(What to do) Give again, exactly and without pictures, the lines running from the line with "You can download" to the end of the records below.
Stored data Start Marker
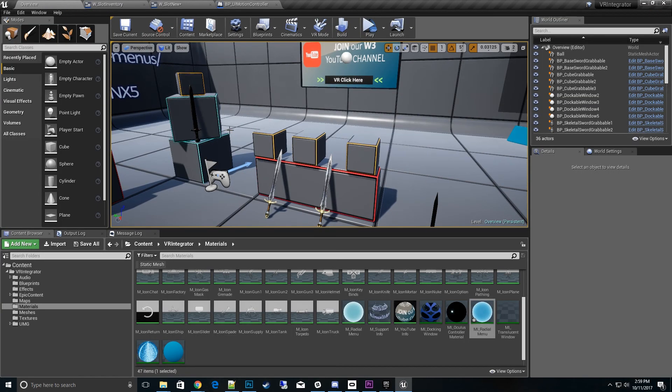That's pretty much a quick overview on how to set up the radial menu. If you have any questions or comments, please leave below and I'll get to those as soon as I can. Thanks for watching. I'll catch you in the next video. Bye.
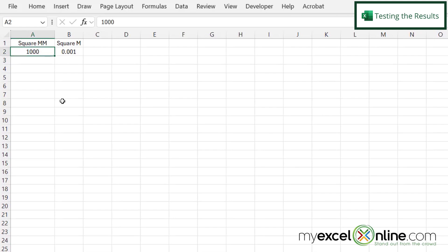And if I put a million here, I can now see I have the number of square meters as 1. So this should work for any square millimeters converting to square meters.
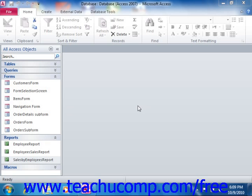Depending on the size and complexity of the database that you are creating, you may have multiple navigation forms in your database. Simple databases usually don't require more than one. If you have a main navigation form that you would like to have appear when users initially open the database, you can specify which form to display by changing the database startup options.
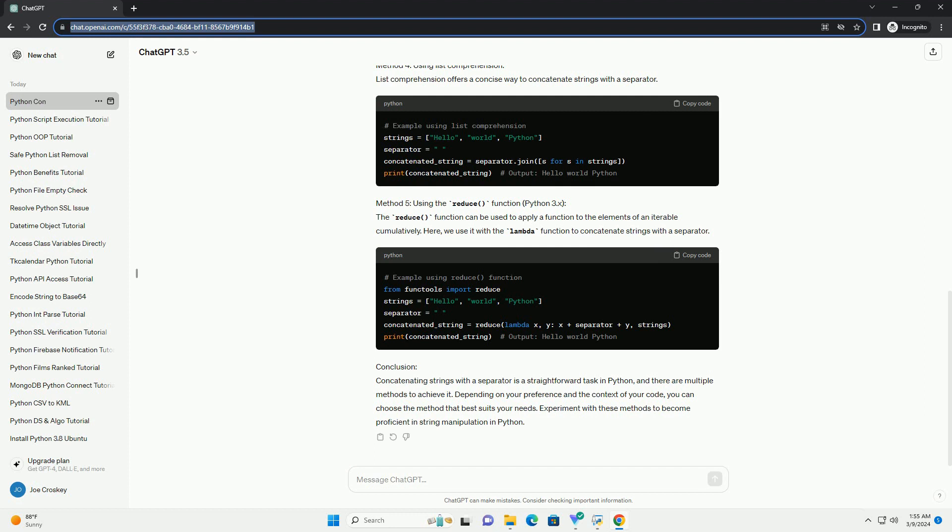Method 2: using f-strings, Python 3.6+. With f-strings, you can concatenate strings and variables easily, including specifying a separator directly within the string.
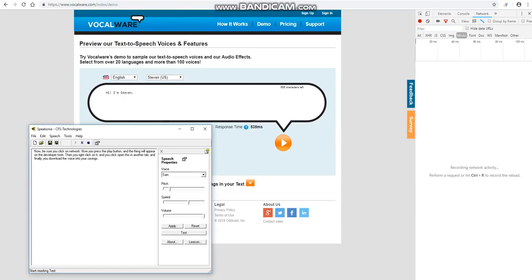Now, be sure you click on Network. Now you press the play button, and the thing will appear on the Developer Tools.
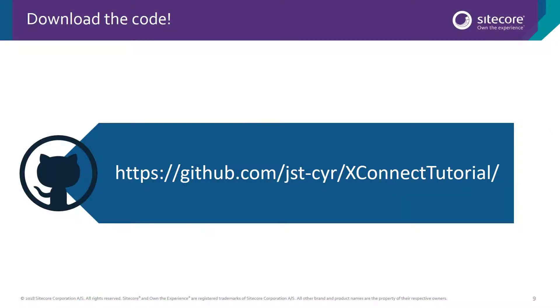You can download all the code you saw today and more from the XConnect Tutorial GitHub repository. Thanks for watching, everyone. Have a great day.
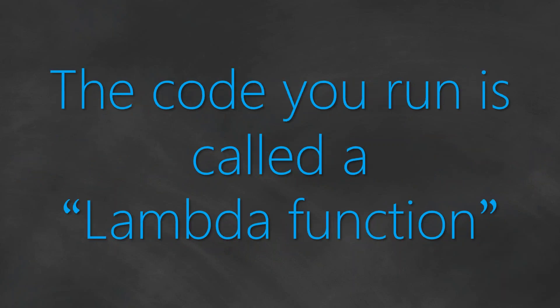And remember, the code that you run in Amazon Lambda is called a Lambda function, and Lambda functions are quite unique because they are going to do only one task and they should be designed in such a way that they're not dependent on the underlying hardware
Stored data End Marker
(Written solution)
You can download all the code you saw today and more from the XConnect Tutorial GitHub repository. Thanks for watching, everyone. Have a great day.
And remember, the code that you run in Amazon Lambda is called a Lambda function, and Lambda functions are quite unique because they are going to do only one task and they should be designed in such a way that they're not dependent on the underlying hardware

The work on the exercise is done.